I burned a few years of my life coding a mixed machine code, C++, and Python system. I wrote a discrete event simulator kernel in machine code that was used by a simulator library written in C++ where the simulations themselves were created manipulated visualised and debugged in Python. Ran on both Windows and Linux. So some amusing things to learn about the deep parts of each. One became intimately familiar with the systems and tradeoffs. One thing is that C++ does not play well with the Windows exception model. So much so that Microsoft advise that they preferred you didn’t use it.
One of the most important aspects of speed is that it isn’t about the instructions. You need to keep the pipeline full and that is about avoiding stalls. That is mostly about the data. Getting the data to and from the processor pipeline is the dominant place where you lose time. Caches are what makes things run fast. Then anything else that can stall your pipeline. Which mostly means jumps. Jump prediction tables and speculative execution help. None of this is obvious from inspection of the machine code. But modern compilers can perform some very deep optimisations if given the chance. Things like partial execution of code can yield insights the compiler can use to choose how blocks are structured or branches are taken. Hints can be inserted for preferred branch direction, and given enough information vector instructions can be used for tight critical stuff. It can be pretty amazing what can be done, but also depressing when it doesn’t actually work.
Data layout can kill your performance. On a 64 bit ISA alignment can mean huge wins or losses. But pressure on the I-cache can be an issue.
If you have a language that can express the semantics well it gives the compiler a lot more freedom to create good code. Writing code where you are trying to optimise things at the language level can be counter productive. The compiler can almost always do a better job of tracking dependencies in the code and working out what to evaluate when and how register allocation can be used to best effect. A lot depends upon the sort of code you are writing. Numerically intensive code has significantly different trade-offs, and the level of intrinsic parallelism possible similarly so.
There are lots of places where optimisations occur that are not obvious at the code level in higher level languages. Java has used just-in-time compilation for decades.
Compilers can perform lots of storage allocation optimisations. If it can statically prove an object allocated inside a routine is not visible outside the routine it can allocate it on the stack and avoid leaving it for GC. This can lead to significant gains in unexpected places. Some languages have missed a few tricks with how they lay out objects.

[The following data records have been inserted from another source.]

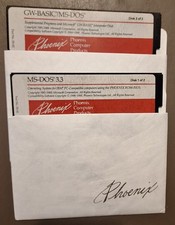 Vintage Phoenix 5.25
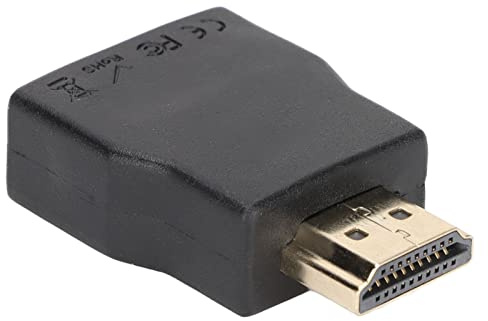 Tragbare HD -Multimedia -Schnittstelle 1.4 Surge Protector mit ESD Schutz für Kabel TV Kunden ABS Material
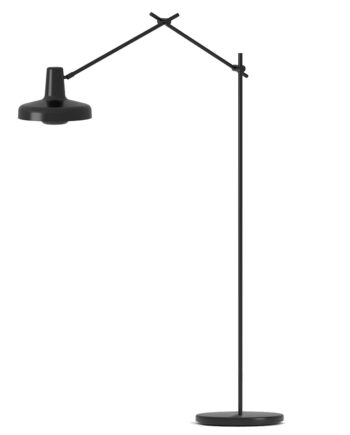 Arigato Gulv Enk Sort :109cm Lampefeber Sneaker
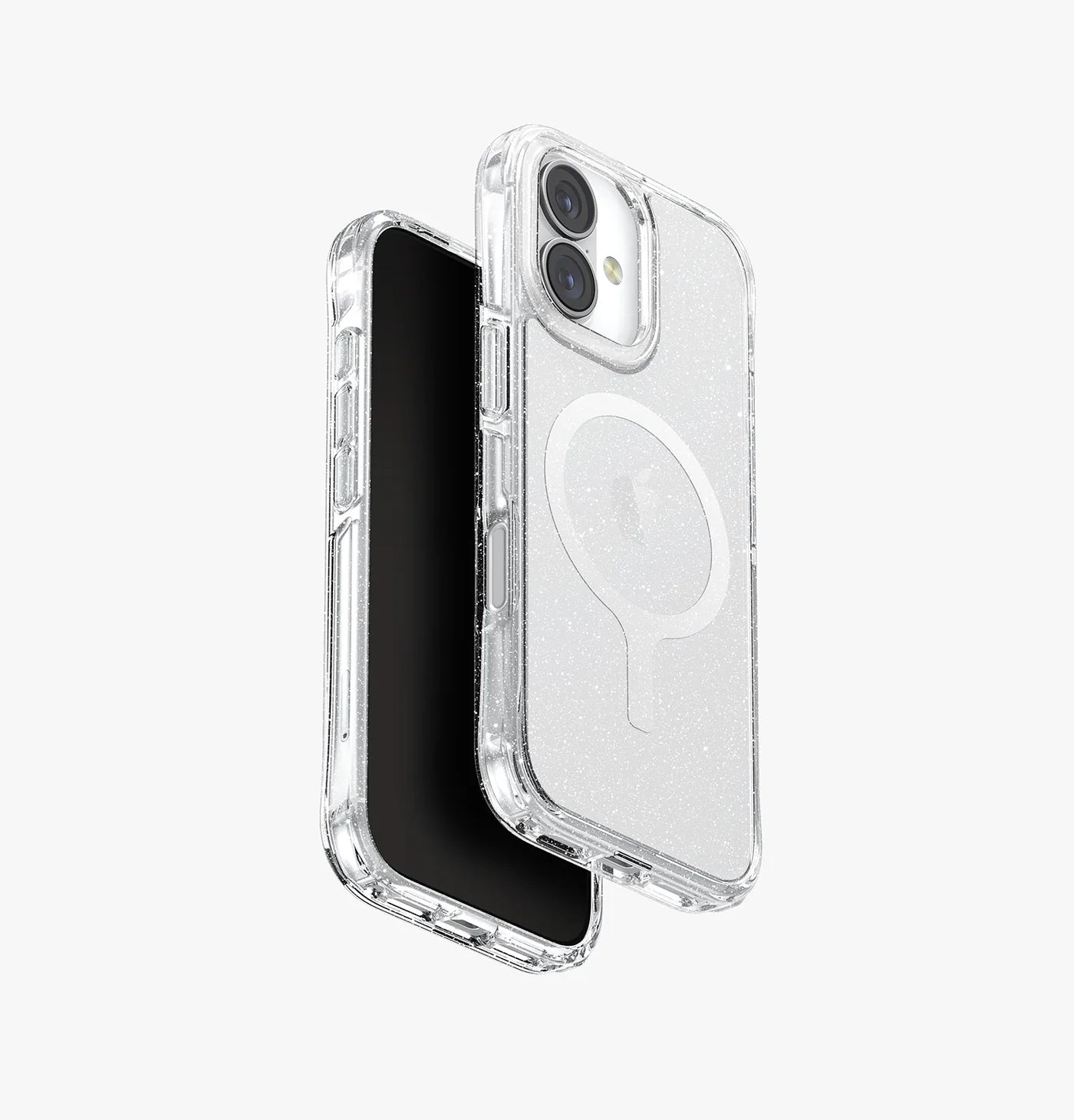 LifePro Xtreme Simli Hibrit Kılıf - iPhone 17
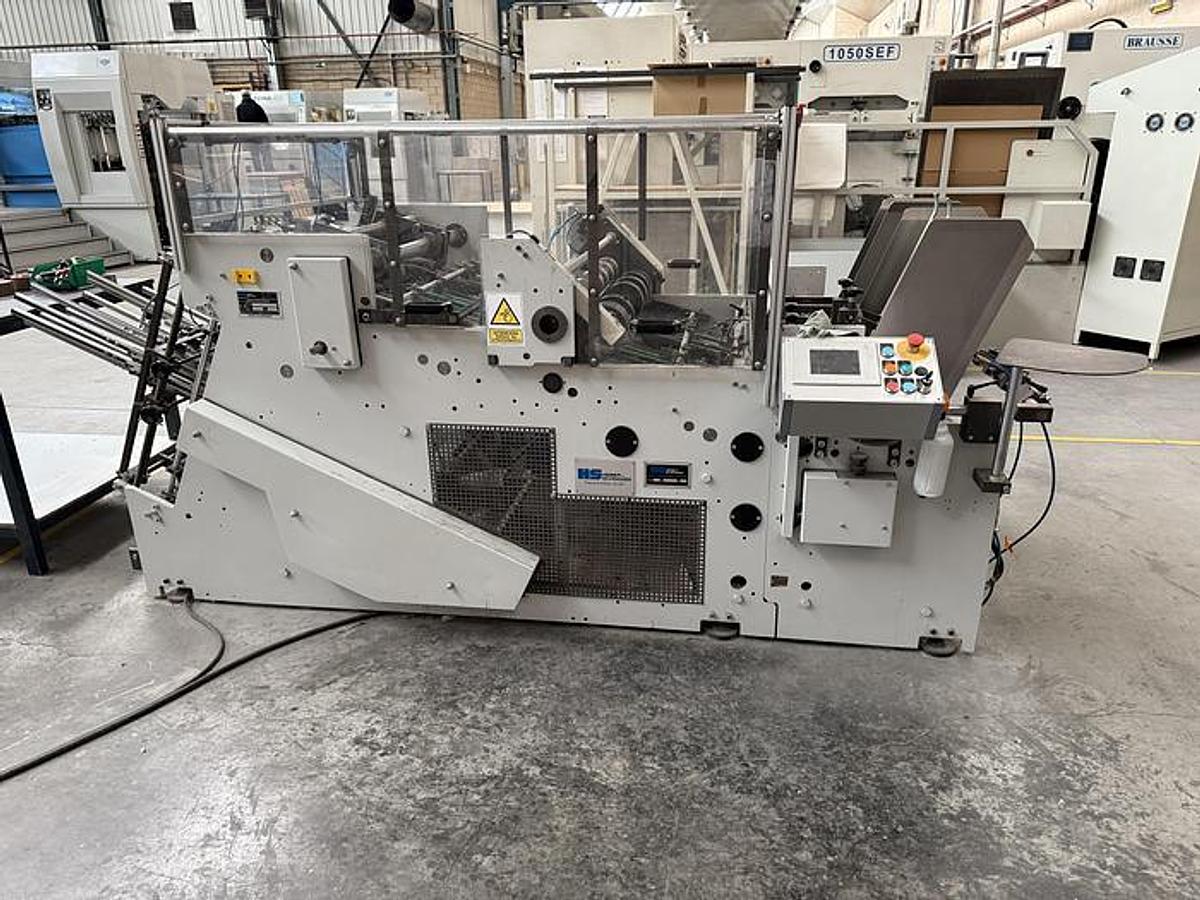 Usato 2011 HEIBER & SCHROEDER CE 100-2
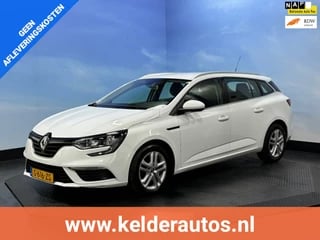 Renault Mégane Estate 1.3 TCe Zen Clima | Navi | Cruise | PDC | Trekhaak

There has been an argument that using C++ let’s the compiler produce really good code. IMHO and experience the language is still too messy to allow really good optimisation. Believe it or not, a modern FORTRAN will wipe the floor with it for many HPC codes. For really low level tight operations getting down to the metal can yield big gains. The simulator kernel I wrote was tweaked down to the cycle level and we profiled it to death understanding where every cycle went, especially watching for cache and branch prediction gains. The core dispatcher could not be written in anything but assembler because it needed to bridge the gap between the OS process model and the call standard of the compiler. On Windows we needed to access segment registers as well, and manage both the C++ and Windows exception models. The main simulator was byte coded using a threaded interpreter. Again, one needed to understand exactly what the compiler generated, you could lose a huge mount of time with naive code structures, and understanding what each compiler did was critical. The Windows and Gnu C++ compilers do not generate similar code, and any idea that you could assume good code from either without going deeper was sadly wrong. This perhaps underlies the problem with assuming that any high level language gets you close enough to the machine to always craft fast code. With the same source code, compare the output of different compiler back-ends and see what you get. You can get some remarkable surprises.
Oh you mean the fun stuff! That was the sort of thing that kept me enjoying the game. There is little more satisfying than tracking down these sorts of bugs and fixing them.